Anyone who has struggled with anxiety is familiar with the exercise of choosing things you see, hear, taste, smell, and feel. With perfume, you get to choose what one of these things is, a kind of sensory anchor that is joyful, grounding, and sexy. Pathways to healing are rarely so pleasurable.

Zappas would like to expand her business, doing larger runs of perfumes and wider distribution around the world. She would like to be able to outsource her shipping and bottle filling — all things having an investor could help with — so she can focus on other things, details like having her boxes wrapped in cellophane.

“Part of the beauty of perfume is that it’s something that requires so much work. Perfume is something that is slow and requires a lot of attention and detail,” Zappas says. “To translate something like that into something that’s a commercial product, mass-marketed, is just inherently challenging.”

It’s easy to get derailed or to want to give up. Zappas has had her share of Sinéad O'Connor moments, as she likes to call them, where she wants to go live secluded in the woods.

“I’m not going to walk away from this, but I’ve also sacrificed everything for this,” Zappas says. “I think it’s important to hold thought space for my inner Sinéad O'Connor, because it’s real.”

But Zappas is determined to make it work — and well past the current perfume trend. Tastes, after all, change, but perfume, and Zappas’ approach to it, is timeless.

“Marissa’s work carries some of that classic, slightly animal wealth that mid-20th century perfumes conjure, a dangerous femininity from a time of greater mystique, but also more oppression,” says Reines, the poet. “When I wear Marissa’s work, I feel connected to the women who came before me, to luxury, confinement, fantasies of escape — and real liberty. “

When she first started, Zappas wanted to bring a lot of intellectual ideas to her perfumery, a holdover from her academia days.
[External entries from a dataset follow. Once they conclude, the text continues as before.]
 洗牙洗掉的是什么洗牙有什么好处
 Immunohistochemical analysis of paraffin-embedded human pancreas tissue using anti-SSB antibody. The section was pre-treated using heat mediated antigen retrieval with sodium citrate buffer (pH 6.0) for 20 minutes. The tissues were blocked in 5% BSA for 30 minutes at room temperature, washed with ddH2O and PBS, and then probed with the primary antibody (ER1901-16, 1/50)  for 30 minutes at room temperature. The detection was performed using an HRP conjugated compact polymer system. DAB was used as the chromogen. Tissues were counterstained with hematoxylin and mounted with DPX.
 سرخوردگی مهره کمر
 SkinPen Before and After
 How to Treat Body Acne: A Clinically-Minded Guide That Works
Now, she just wants to make beautiful perfumes that smell good: Her guiding force is one charged with love and heartbreak and beauty; everything that charges a life.
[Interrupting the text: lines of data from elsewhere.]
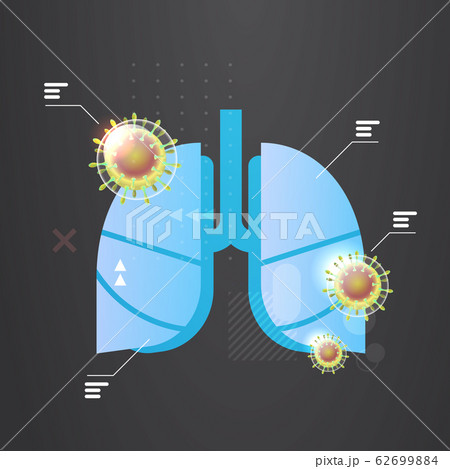 epidemic MERS-CoV floating influenza virus infected human lungs wuhan coronavirus 2019-nCoV pandemic medical health risk epidemic MERS-CoV floating influenza virus infected human lungs wuhan coronavirus 2019-nCoV pandemic medical health risk 62699884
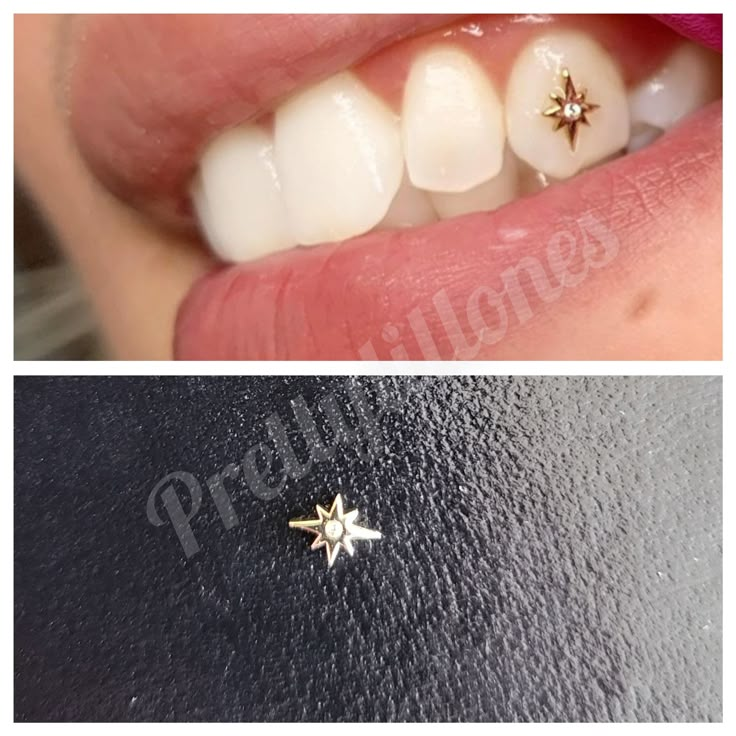 Tooth Jewelry  size are estimate 3mm to 4mm real gold  18kt gold  will not tarnish Gold Tooth Gems Ideas, Tooth Jewelry Diamonds Teeth, Small Tooth Gem, Cute Tooth Gems, Tooth Gems Design, Gold Tooth Gem, Teeth Jewelry Tooth Gems, Tooth Bling, Tooth Gems Aesthetic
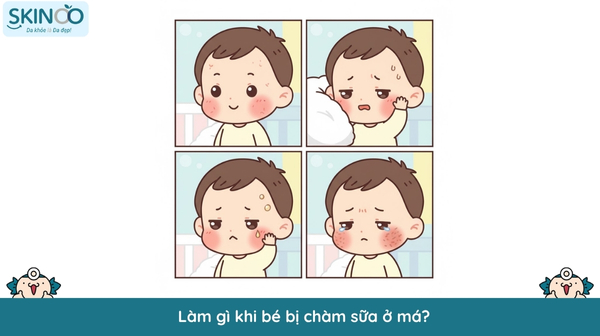 Làm gì khi bé bị chàm sữa ở má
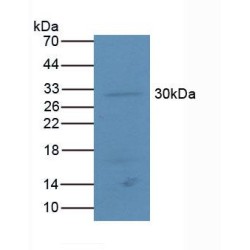 Activating Transcription Factor 4 (ATF4) Antibody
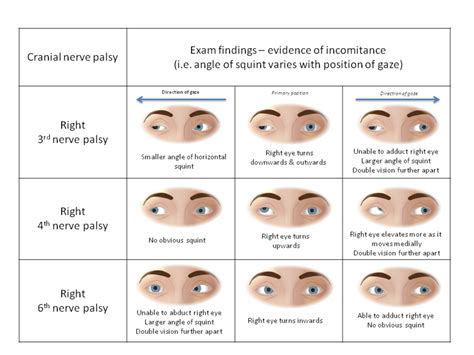 > cranial nerve i, also known as the olfactory nerve, is a special sensory nerve that is responsible for the smell. Double vision | The BMJ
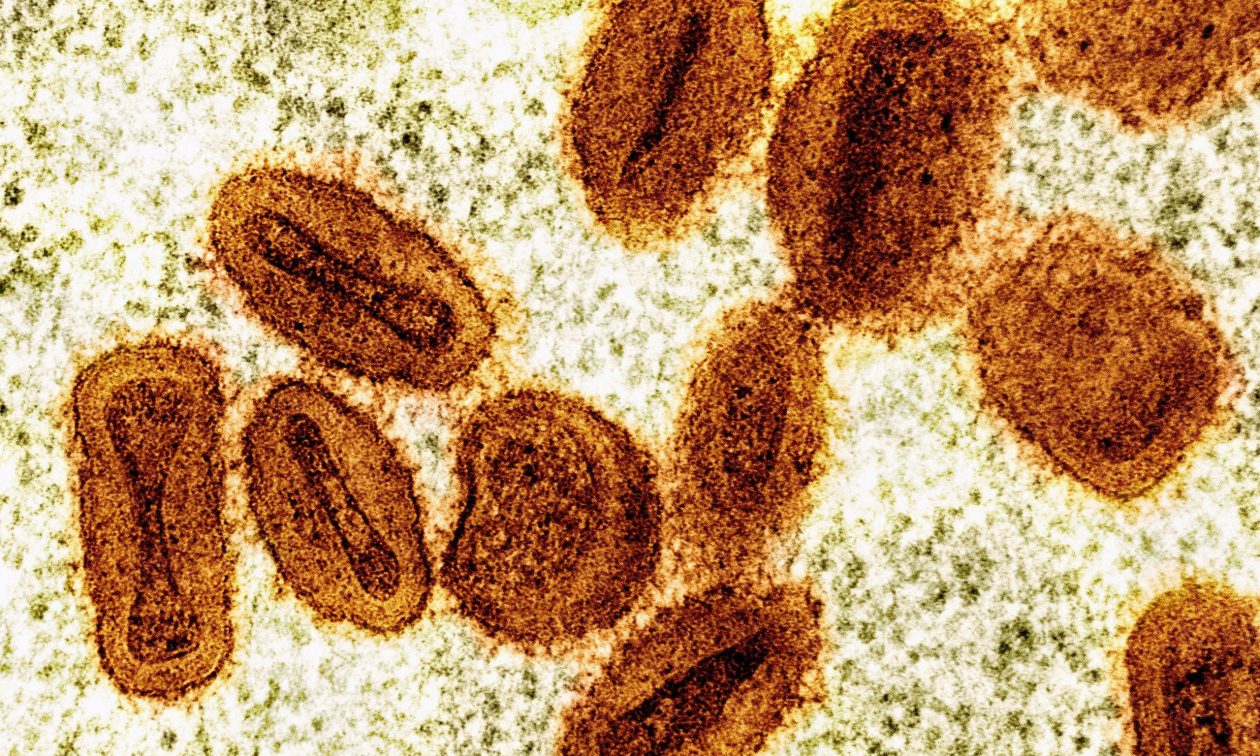 Mpox: Ασθενής περιγράφει τα επώδυνα συμπτώματα – «Δεν μπορούσα να κοιμηθώ από τον πόνο»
“This is pretty basic of me, but I think perfume should smell really good. I think it should smell beautiful, and I think it should make people feel more beautiful and confident. … I think that as humans, our natural desires are fundamentally pretty basic,” she says. “I’m just an earnest person. We’re creatures of beauty. I don’t think it necessarily takes these grand intellectual ideas to move people. I think people actually really want to be moved.”